Among the entries below, find the line with "TRICOTÉ｜BLOCK PENDANT LIGHT　ペンダントライト" and the line with "Der Präsident des". Return exactly those lines and every line between them, but no pictures.

───── Given records

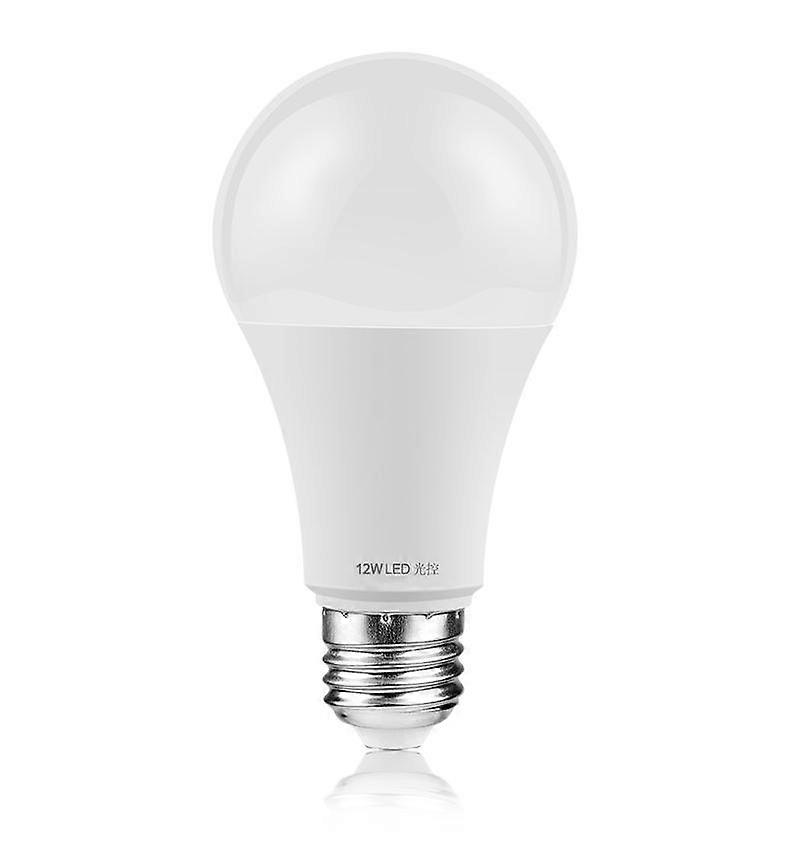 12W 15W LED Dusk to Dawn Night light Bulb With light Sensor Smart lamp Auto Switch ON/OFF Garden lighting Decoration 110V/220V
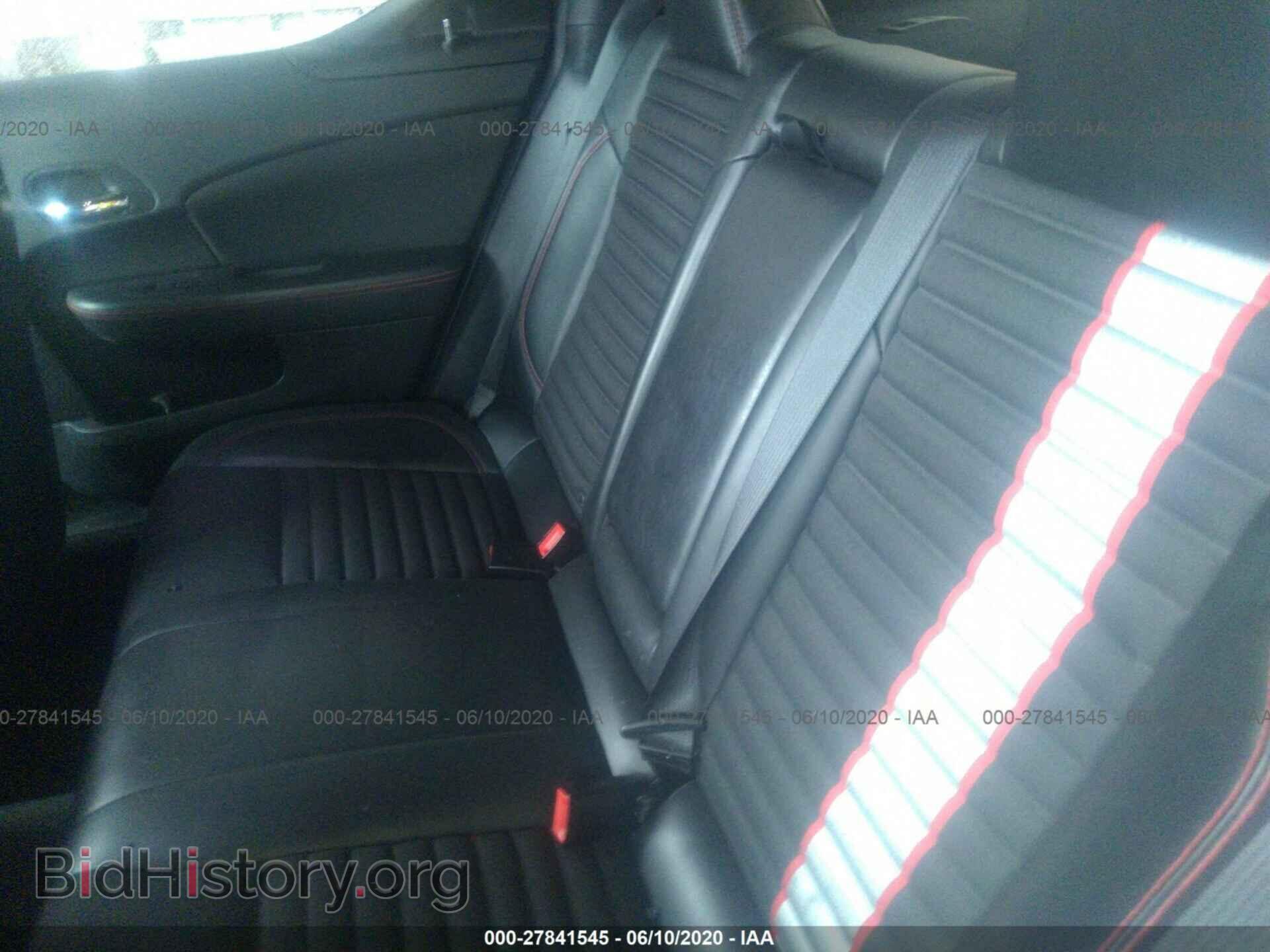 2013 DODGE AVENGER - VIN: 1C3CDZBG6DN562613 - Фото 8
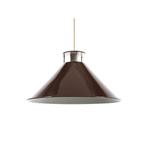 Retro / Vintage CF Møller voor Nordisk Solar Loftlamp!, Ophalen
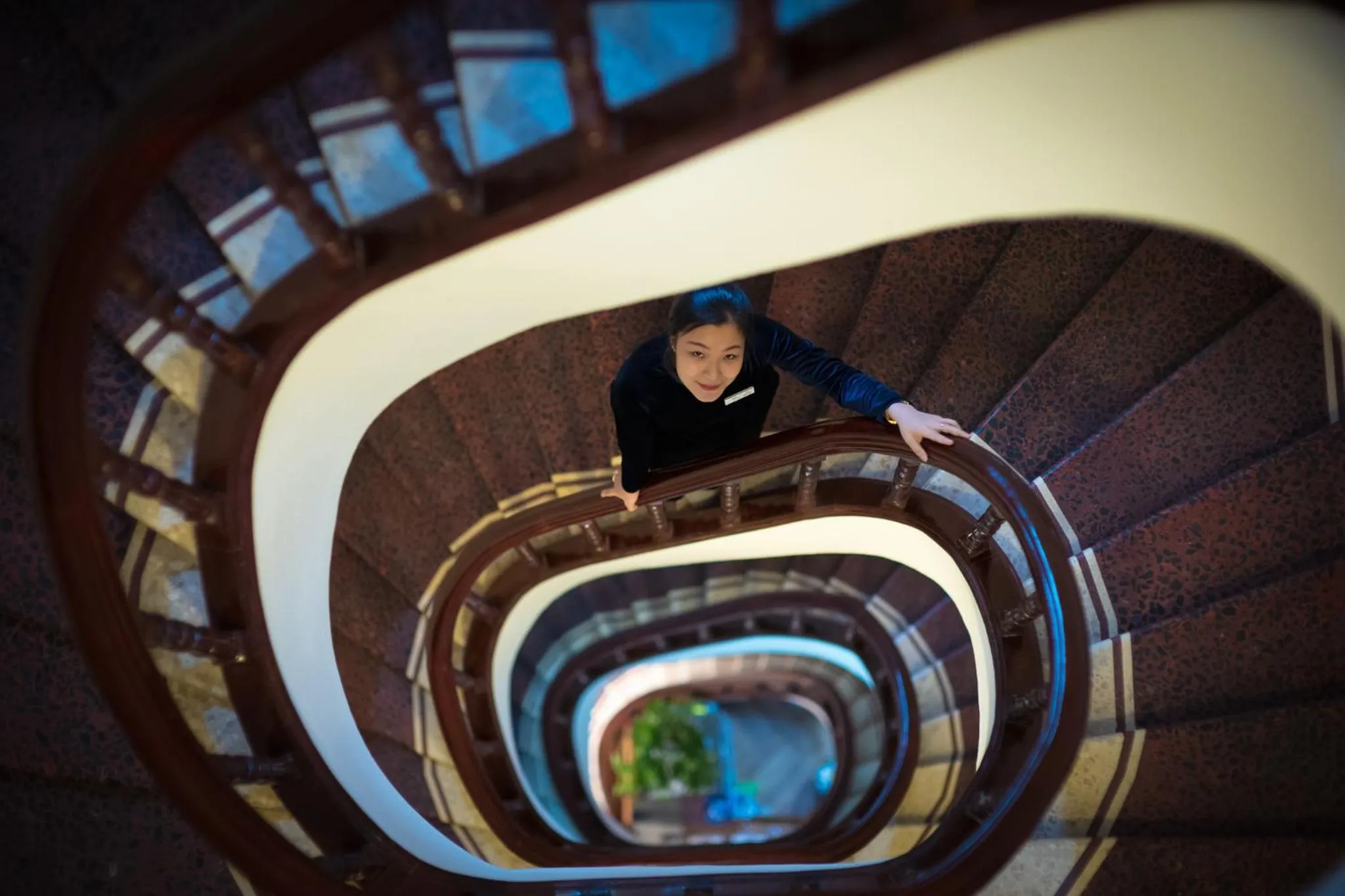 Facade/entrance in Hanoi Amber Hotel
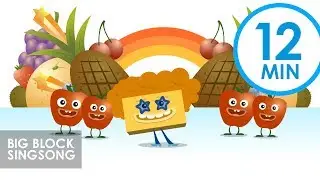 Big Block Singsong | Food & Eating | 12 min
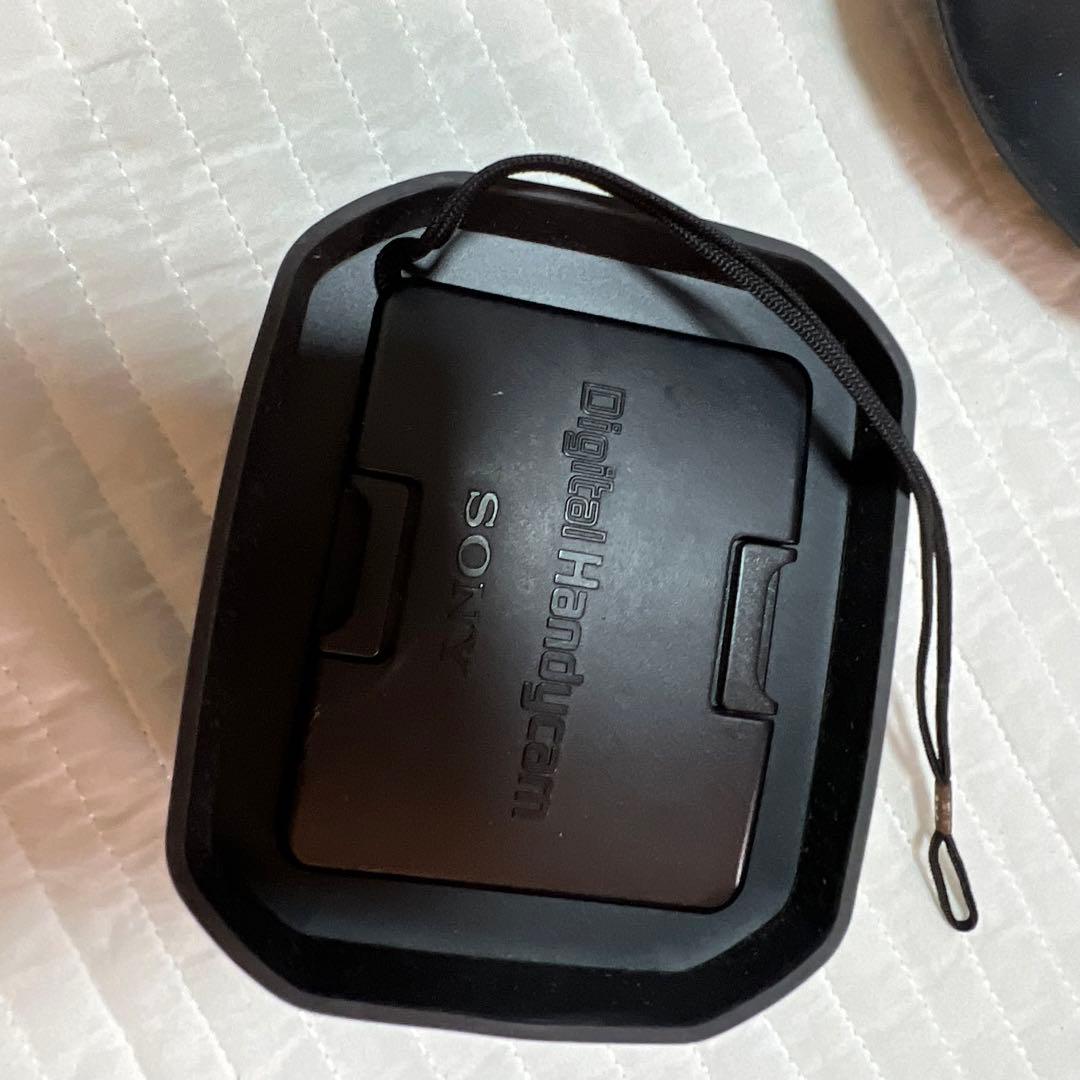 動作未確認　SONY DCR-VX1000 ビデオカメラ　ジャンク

──────────
───── Given records

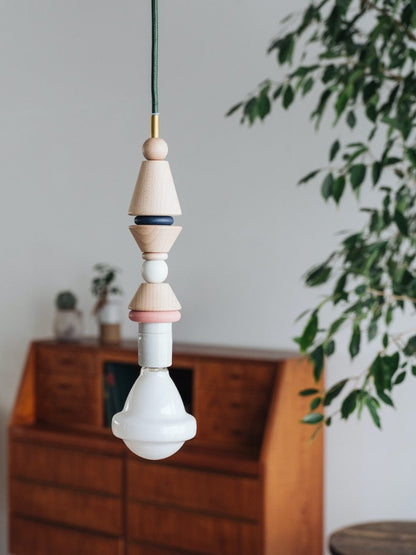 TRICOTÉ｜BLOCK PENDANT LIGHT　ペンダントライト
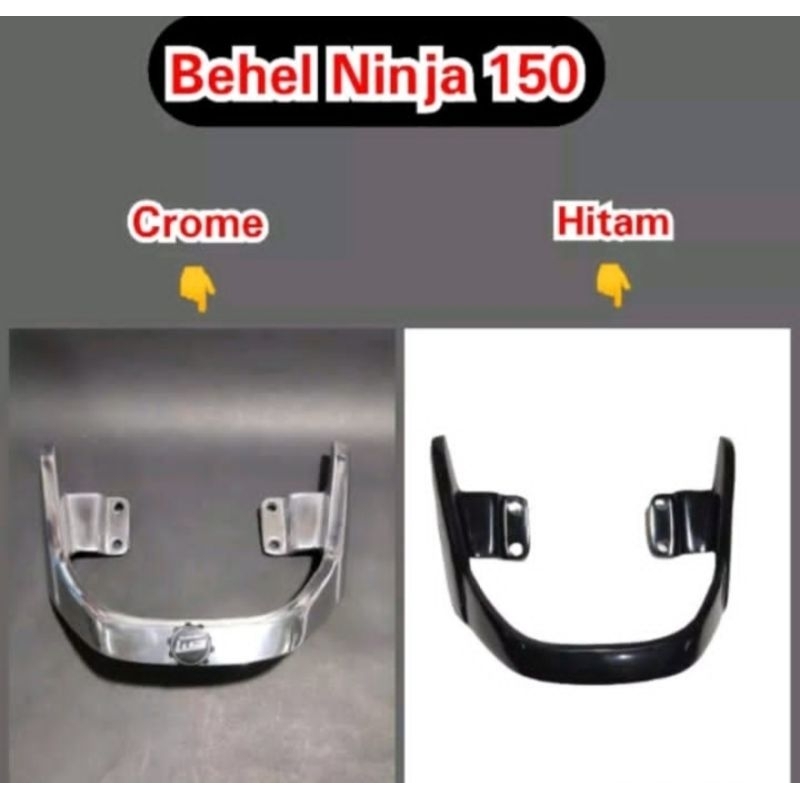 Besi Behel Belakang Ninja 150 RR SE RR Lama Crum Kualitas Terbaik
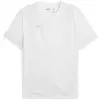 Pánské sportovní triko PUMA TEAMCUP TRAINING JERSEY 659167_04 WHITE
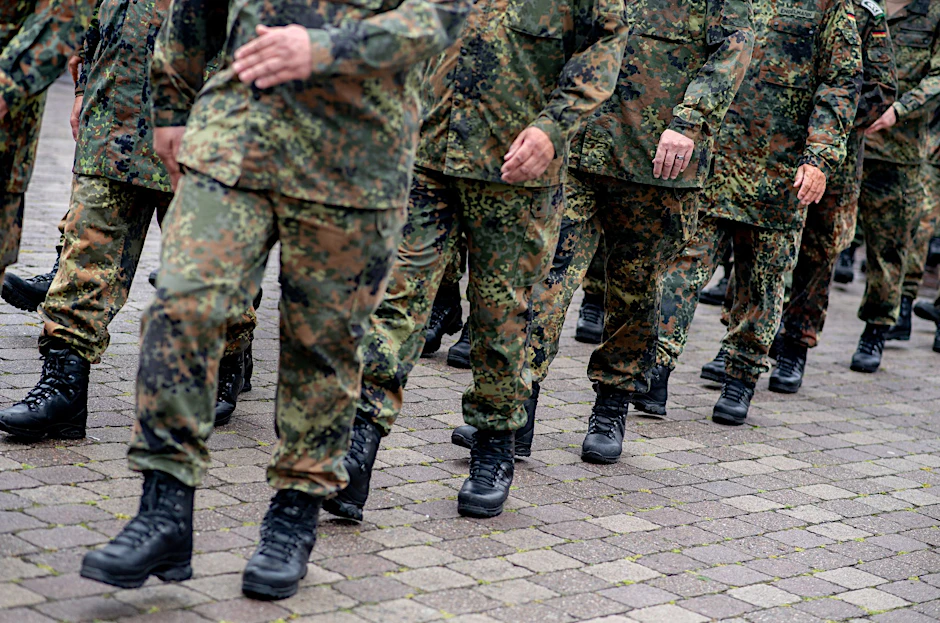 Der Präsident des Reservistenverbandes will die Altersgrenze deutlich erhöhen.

──────────

### Task solution
 TRICOTÉ｜BLOCK PENDANT LIGHT　ペンダントライト
 Besi Behel Belakang Ninja 150 RR SE RR Lama Crum Kualitas Terbaik
 Pánské sportovní triko PUMA TEAMCUP TRAINING JERSEY 659167_04 WHITE
 Der Präsident des Reservistenverbandes will die Altersgrenze deutlich erhöhen.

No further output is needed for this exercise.